When I began performing the laparoscopic adjustable gastric band (LAGB) procedure in 2003, we held monthly three-hour educational seminars for prospective patients in order to explain risks and benefits, to discuss qualifications, insurance, and alternatives, and to answer questions.
Screening and educating potential patients about surgical procedures is essential to ensure that those who wish to proceed are eligible and informed. Clinical practice guidelines published this year indicate that prior to bariatric surgeries, patients should receive educational materials and access to preoperative educational sessions.
But these seminars were frustrating for several reasons. Attendance at each seminar was about 80 to 100 people, so the room quickly became uncomfortably warm and crowded. We often did not have enough bariatric chairs to accommodate everyone. Some people arrived late and others left early, disrupting the presentation. Often one person would monopolize the floor with questions that others might consider too personal. Several might be too embarrassed to ask questions at all. The lack of privacy was a huge issue. Patients absorbed maybe 20% of what we told them.
The results were equally uninspiring; a mere 10% of attendees actually pursued the surgery. It was a highly inefficient process and I felt like I was spinning my wheels. I had to find a better way to educate and screen prospective patients.

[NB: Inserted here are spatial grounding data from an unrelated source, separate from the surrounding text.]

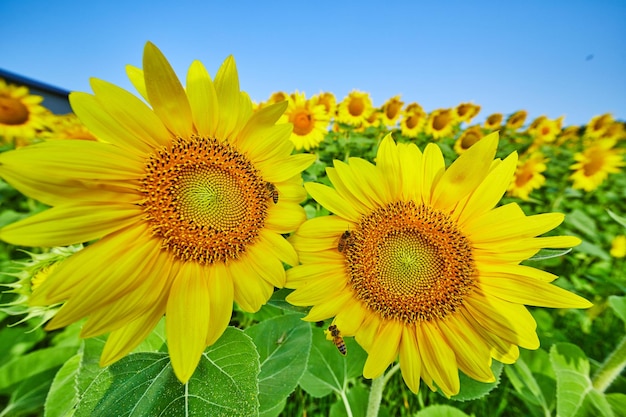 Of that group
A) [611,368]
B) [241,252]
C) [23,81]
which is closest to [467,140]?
[611,368]

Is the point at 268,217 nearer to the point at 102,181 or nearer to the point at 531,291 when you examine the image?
the point at 102,181

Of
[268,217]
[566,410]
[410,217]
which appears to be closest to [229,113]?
[268,217]

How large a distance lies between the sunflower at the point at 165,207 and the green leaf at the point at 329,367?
0.99 m

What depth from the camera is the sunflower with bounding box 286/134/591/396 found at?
108 centimetres

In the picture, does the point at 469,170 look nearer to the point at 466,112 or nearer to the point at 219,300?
the point at 219,300

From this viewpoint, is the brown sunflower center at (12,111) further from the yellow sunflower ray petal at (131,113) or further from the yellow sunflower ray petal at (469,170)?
the yellow sunflower ray petal at (469,170)

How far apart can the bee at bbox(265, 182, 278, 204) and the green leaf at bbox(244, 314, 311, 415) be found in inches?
26.0

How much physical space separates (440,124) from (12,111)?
A: 23.1 feet

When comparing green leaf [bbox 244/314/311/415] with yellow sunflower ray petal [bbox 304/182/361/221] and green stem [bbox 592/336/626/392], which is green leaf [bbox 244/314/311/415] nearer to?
yellow sunflower ray petal [bbox 304/182/361/221]

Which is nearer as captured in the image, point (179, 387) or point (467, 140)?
point (179, 387)

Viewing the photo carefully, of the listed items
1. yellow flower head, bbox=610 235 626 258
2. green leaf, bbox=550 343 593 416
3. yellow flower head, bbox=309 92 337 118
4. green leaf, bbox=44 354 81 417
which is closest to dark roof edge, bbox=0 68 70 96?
yellow flower head, bbox=309 92 337 118

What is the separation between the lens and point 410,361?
1.11 meters

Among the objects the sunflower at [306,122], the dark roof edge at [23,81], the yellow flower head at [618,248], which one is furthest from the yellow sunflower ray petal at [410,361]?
the dark roof edge at [23,81]

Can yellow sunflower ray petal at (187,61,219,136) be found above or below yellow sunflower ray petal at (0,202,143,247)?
above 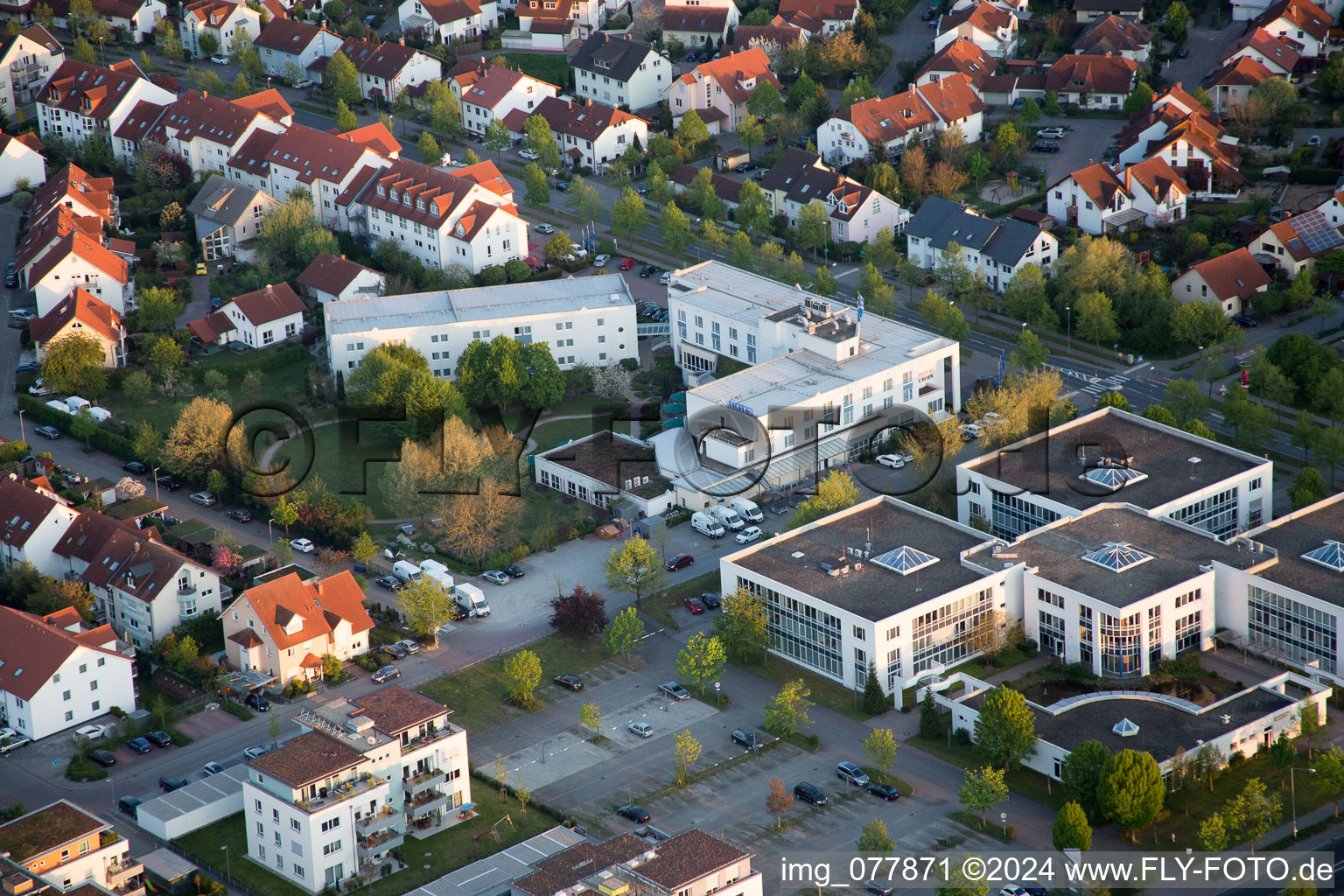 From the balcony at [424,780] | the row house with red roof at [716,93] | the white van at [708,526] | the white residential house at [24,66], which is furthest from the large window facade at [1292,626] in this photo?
the white residential house at [24,66]

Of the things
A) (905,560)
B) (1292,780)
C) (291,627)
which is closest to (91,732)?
(291,627)

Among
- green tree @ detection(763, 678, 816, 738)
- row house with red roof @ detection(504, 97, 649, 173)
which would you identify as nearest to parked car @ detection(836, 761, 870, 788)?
green tree @ detection(763, 678, 816, 738)

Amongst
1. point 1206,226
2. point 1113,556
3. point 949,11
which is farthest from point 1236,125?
point 1113,556

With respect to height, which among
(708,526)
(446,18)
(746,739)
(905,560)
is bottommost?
(746,739)

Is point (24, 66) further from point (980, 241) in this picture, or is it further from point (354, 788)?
point (354, 788)

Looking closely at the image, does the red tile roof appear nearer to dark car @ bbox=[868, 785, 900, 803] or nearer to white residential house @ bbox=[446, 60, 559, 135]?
white residential house @ bbox=[446, 60, 559, 135]

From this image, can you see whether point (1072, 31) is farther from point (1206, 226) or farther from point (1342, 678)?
point (1342, 678)
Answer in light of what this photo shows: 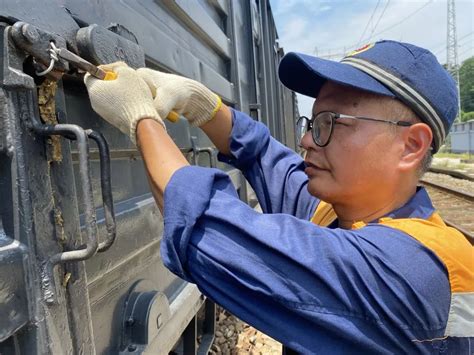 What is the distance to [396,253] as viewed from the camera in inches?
38.3

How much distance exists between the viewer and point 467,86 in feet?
224

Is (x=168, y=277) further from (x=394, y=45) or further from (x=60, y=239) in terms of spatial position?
(x=394, y=45)

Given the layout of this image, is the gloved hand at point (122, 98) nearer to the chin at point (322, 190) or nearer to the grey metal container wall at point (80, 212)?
the grey metal container wall at point (80, 212)

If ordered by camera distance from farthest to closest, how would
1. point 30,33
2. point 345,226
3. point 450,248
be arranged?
1. point 345,226
2. point 450,248
3. point 30,33

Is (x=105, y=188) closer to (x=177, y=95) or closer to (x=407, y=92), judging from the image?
(x=177, y=95)

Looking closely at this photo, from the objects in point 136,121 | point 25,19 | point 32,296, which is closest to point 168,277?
point 136,121

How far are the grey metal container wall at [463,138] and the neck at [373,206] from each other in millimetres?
25415

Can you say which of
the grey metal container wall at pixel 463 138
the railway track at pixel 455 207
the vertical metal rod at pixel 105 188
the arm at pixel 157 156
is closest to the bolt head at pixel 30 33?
the vertical metal rod at pixel 105 188

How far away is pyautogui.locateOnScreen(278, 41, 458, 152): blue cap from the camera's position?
1.16m

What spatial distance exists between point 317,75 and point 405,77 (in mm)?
253

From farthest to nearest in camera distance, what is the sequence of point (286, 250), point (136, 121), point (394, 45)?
1. point (394, 45)
2. point (136, 121)
3. point (286, 250)

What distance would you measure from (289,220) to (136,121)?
461 mm

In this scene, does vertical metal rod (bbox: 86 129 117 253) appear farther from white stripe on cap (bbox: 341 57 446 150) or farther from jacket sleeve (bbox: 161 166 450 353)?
white stripe on cap (bbox: 341 57 446 150)

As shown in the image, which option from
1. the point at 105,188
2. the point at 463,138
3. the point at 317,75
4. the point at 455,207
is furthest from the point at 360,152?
the point at 463,138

I discontinued the seminars and in 2005 and implemented a Web-based patient education. Prospective patients instead were given a "prescription" access code to log onto a 30-minute Web-based multimedia program created by Emmi Solutions, which covers pre-, peri- and postoperative care, as well as risks, benefits, and alternatives to LAGB surgery.
The beauty of this interactive patient education tool is that people can view it at home, as often as desired, and they can share it with family and friends. They can pause, rewind, and type in questions for me to address with them later, in private. Patients can also print out a copy of the presentation for future reference or bring it with them to their next consultation, ensuring that they have a baseline of knowledge. In addition, my staff and I are able to track whether a prospective patient has viewed the information, as the entire patient viewing process is recorded and archived in a secure database.
The benefits of this approach are manifold. My mandatory one-on-one preoperative meeting with each patient (which ensures that he/she fully understands the surgery and risks) used to take two hours. The Web program cut that time down to one hour because they came to me with a much better understanding of the procedure than they did after attending a seminar.
Our surveys show that patients are thrilled; they appreciate how informative it is, and the convenience and privacy of watching from home. In fact, they often refer other patients to my practice in part because of this initiative. My staff is happier, too. They no longer need to answer as many clinical questions and therefore can more efficiently screen out patients who are ineligible for the surgery, either for medical reasons (10 -15%) or due to insurance coverage (30%-40%).
Best of all, virtually all eligible patients who view the Web program now elect to undergo the procedure, increasing the number of surgeries I perform each year. In 2004, prior to implementing the Web-based program, I performed 198 surgeries. In 2007 I performed 284 surgeries, a 43% increase. Thus, the program has greatly improved our bottom line.
Charles E. Morton, III, MD, PC, FACS, is medical director of Bariatric Services at Baptist Hospital Metabolic Surgery Center in Nashville TN.